### WHAT THE EXERCISE ASKS
From the entries below, print exactly the span beginning with the line holding "1290 Hillcrest Avenue, Pasadena CA 91106" and ending with the line holding "Image 8 of 57 For 8307 Nancy Lane", endpoints included, and skip any pictures.

### PROVIDED DATA
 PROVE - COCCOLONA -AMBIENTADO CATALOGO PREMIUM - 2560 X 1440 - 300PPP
==
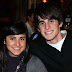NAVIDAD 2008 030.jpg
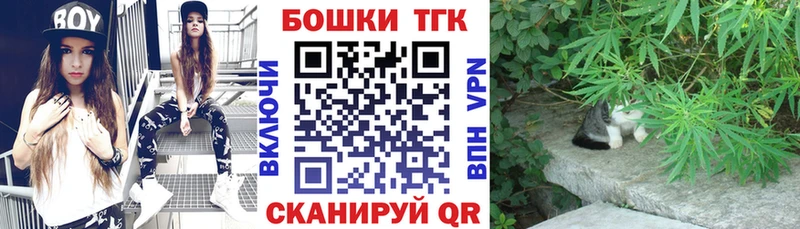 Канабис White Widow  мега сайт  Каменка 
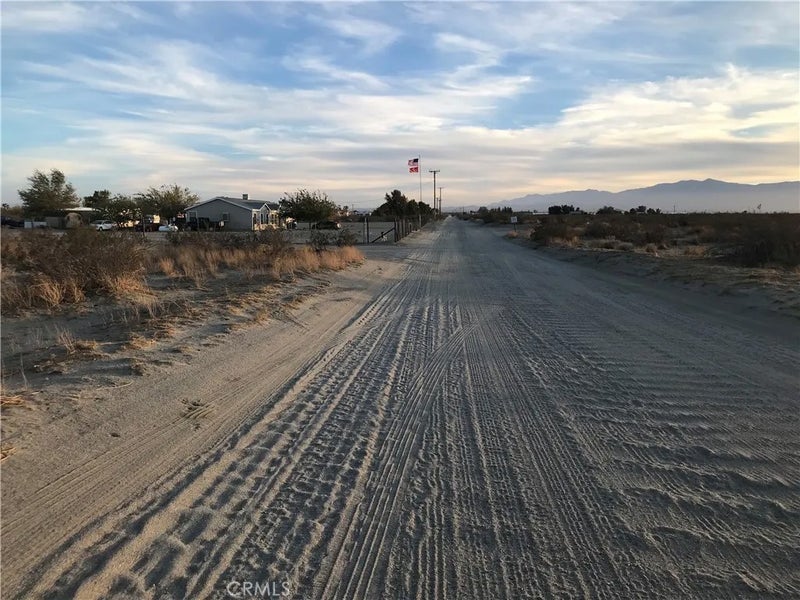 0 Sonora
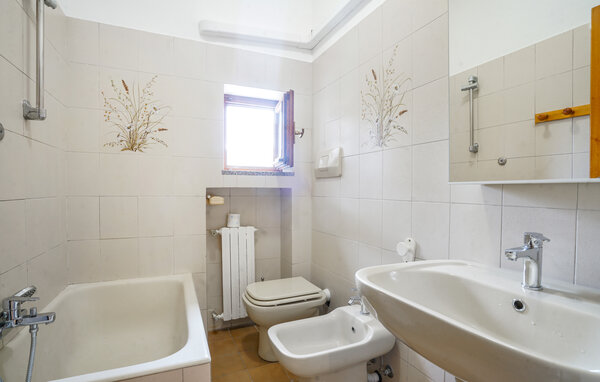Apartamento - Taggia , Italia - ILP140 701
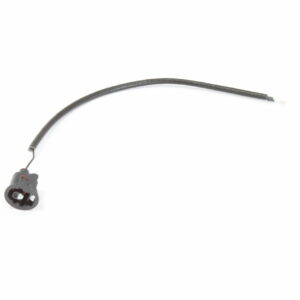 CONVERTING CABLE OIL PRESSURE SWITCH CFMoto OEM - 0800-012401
--
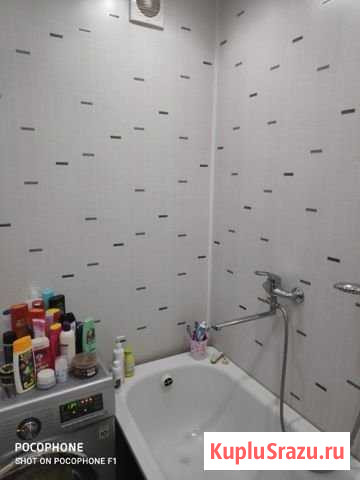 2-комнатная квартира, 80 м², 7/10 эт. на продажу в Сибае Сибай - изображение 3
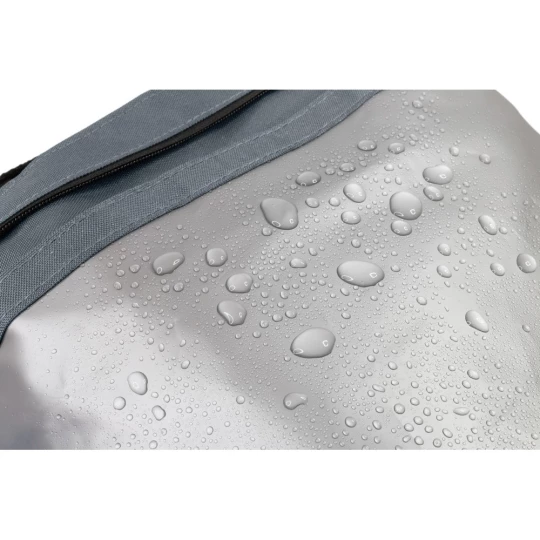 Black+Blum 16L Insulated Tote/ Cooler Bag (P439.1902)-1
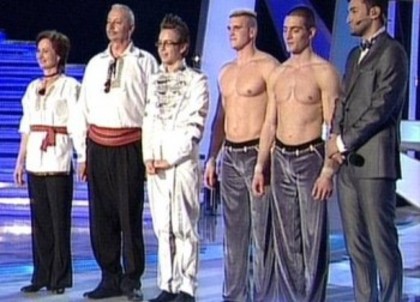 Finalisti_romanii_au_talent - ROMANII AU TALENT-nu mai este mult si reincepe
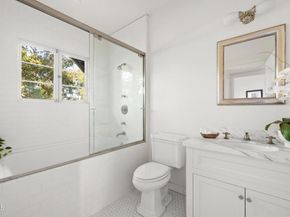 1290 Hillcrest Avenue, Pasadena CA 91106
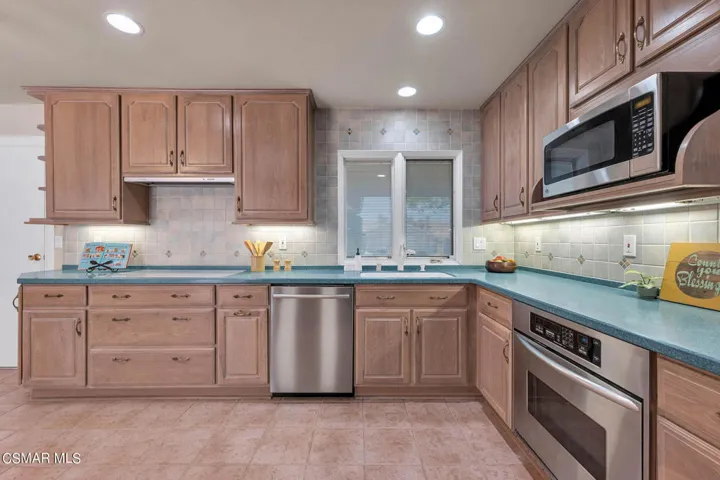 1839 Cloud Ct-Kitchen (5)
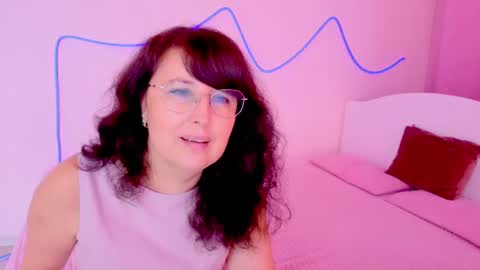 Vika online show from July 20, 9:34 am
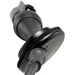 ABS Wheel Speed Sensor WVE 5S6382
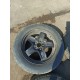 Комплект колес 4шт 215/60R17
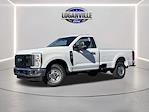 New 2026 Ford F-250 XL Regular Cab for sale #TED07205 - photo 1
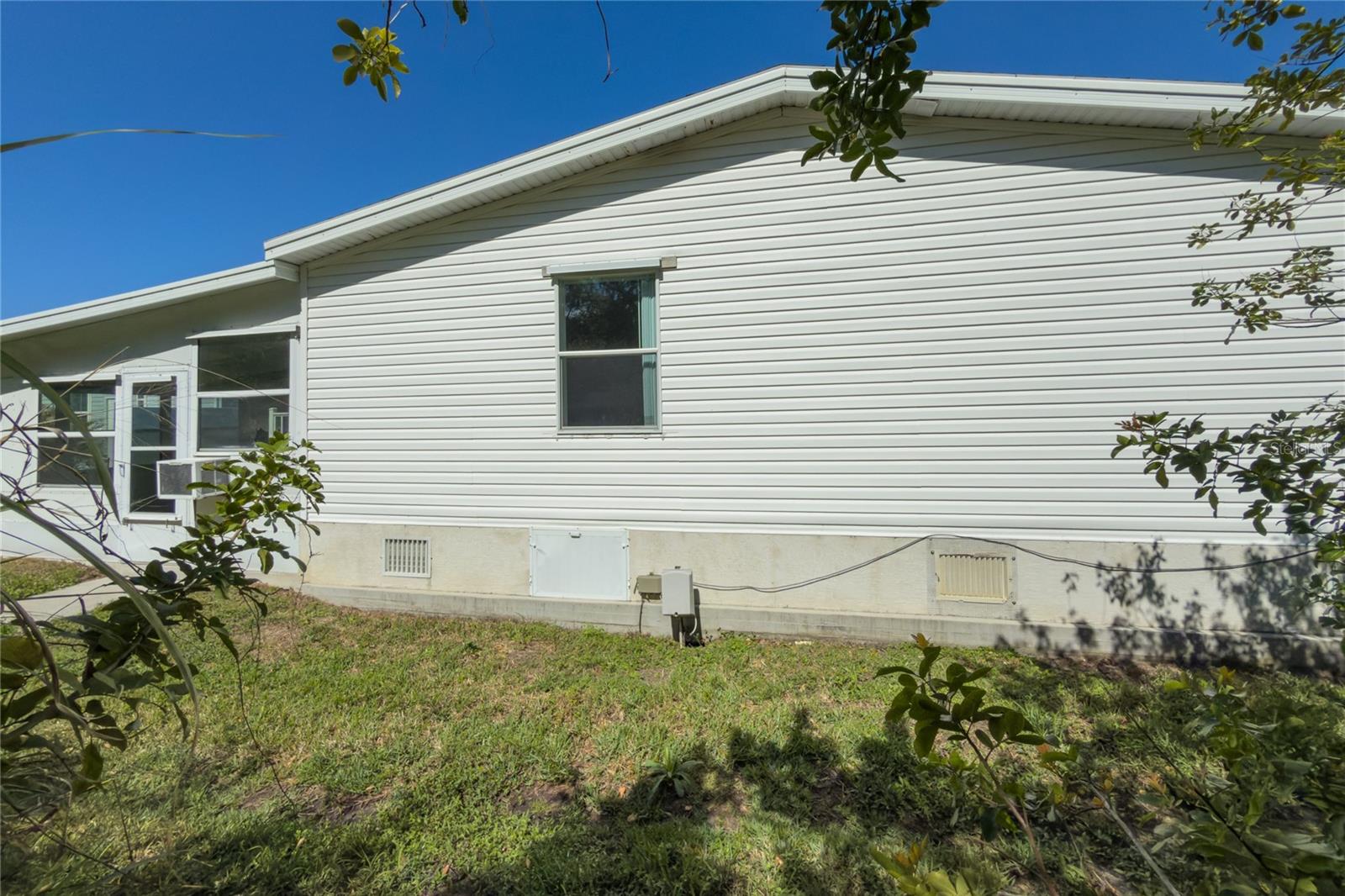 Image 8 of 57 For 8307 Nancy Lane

### RESULT OF THIS EXERCISE
 1290 Hillcrest Avenue, Pasadena CA 91106
 1839 Cloud Ct-Kitchen (5)
 Vika online show from July 20, 9:34 am
 ABS Wheel Speed Sensor WVE 5S6382
 Комплект колес 4шт 215/60R17
 New 2026 Ford F-250 XL Regular Cab for sale #TED07205 - photo 1
 Image 8 of 57 For 8307 Nancy Lane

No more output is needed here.